表情は相変わらず暗そうで無表情だったが、沖田は斎藤が少し驚いているとわかった。
「何の用か?沖田殿」
斎藤の話し方は淡々としている。
その上、元来無口な上、感情を表に出すことも滅多にない。
そのせいか無口で愛想のない奴と誤解されている部分があるが、本当は感情を素直に表現するのが苦手なだけだと沖田はわかっていた。

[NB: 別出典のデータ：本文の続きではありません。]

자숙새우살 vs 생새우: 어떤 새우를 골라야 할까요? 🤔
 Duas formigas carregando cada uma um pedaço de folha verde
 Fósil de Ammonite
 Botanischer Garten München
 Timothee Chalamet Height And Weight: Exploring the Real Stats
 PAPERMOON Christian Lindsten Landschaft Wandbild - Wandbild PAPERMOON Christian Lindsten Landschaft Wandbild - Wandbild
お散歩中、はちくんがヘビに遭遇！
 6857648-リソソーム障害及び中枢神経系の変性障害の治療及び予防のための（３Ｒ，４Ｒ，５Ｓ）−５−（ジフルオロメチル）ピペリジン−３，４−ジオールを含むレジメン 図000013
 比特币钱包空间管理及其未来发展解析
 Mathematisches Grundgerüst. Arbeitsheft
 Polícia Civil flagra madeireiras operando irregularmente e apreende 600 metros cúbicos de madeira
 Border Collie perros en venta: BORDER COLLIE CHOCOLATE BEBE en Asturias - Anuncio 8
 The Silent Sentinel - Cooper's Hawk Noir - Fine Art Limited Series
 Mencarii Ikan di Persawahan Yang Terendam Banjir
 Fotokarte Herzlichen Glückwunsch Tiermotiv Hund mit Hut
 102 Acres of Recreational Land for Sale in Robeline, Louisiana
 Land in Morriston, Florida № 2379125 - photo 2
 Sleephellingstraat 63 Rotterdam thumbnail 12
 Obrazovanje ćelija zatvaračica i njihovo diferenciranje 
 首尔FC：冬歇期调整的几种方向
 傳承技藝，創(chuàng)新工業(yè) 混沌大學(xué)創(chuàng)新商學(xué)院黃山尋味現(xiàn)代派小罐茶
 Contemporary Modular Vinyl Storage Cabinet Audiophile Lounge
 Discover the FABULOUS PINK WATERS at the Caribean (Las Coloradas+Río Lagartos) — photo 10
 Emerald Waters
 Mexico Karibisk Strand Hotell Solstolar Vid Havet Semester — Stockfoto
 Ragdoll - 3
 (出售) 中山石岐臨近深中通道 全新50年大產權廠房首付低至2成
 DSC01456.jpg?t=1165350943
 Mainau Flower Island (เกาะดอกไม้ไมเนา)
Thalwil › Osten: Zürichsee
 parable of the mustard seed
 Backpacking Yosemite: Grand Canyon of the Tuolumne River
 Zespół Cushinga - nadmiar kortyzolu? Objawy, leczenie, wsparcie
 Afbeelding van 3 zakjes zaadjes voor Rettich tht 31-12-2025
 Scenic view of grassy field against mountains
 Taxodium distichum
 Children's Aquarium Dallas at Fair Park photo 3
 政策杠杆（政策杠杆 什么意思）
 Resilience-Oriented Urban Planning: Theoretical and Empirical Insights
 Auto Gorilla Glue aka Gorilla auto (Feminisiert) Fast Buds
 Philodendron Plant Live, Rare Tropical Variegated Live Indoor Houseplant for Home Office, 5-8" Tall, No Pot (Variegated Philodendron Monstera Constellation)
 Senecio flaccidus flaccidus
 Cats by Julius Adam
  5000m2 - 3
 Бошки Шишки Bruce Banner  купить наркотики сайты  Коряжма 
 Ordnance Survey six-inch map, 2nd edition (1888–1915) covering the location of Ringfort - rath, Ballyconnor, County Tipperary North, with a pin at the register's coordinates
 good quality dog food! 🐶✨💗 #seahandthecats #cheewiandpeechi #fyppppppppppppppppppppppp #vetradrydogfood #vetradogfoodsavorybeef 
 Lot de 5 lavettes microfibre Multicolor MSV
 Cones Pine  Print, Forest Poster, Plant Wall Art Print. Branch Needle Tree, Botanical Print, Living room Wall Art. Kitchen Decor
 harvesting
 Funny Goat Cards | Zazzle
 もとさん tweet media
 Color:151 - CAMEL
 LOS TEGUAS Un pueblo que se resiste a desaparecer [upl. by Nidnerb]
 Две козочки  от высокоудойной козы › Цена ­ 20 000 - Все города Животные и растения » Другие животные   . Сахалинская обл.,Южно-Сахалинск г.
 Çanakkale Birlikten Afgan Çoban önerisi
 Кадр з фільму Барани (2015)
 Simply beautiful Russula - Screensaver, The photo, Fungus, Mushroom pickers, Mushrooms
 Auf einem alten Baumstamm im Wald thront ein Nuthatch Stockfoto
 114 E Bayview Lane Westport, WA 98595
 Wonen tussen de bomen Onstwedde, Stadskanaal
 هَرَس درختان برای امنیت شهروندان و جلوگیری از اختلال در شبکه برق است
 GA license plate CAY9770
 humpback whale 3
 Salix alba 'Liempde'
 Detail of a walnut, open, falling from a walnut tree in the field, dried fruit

「斎藤さん、毎回言ってますけど、私のことは総司と呼んで下さいよ」
「俺の方が年下だ。
目上の相手を呼び捨てにすることなど俺にはできぬ」
斎藤は真面目に言う。
沖田は、斎藤の頑固さに苦笑いをして、頬をポリポリと掻いた。
「して何の用だ、沖田殿。
貴殿がここに来るということは、それなりの用だと思うのだが……」
斎藤は少し難色の表情をしている。
滅多に道場に来ることがない沖田が自分を訪ねるためにここに来たのだ。
そのせいか厄介な用を押し付けられるかもしれないと思って、身構えていた斎藤だったが、
「さすが斎藤さん。話が早いですね。
一緒にご飯食べにいきません?」
沖田はそんな斎藤の心中に気づかずさらりと言った。
「は?」
斎藤は予想していた内容とはあまりも違う内容に思わず拍子抜けした間抜けな声を出してしまった。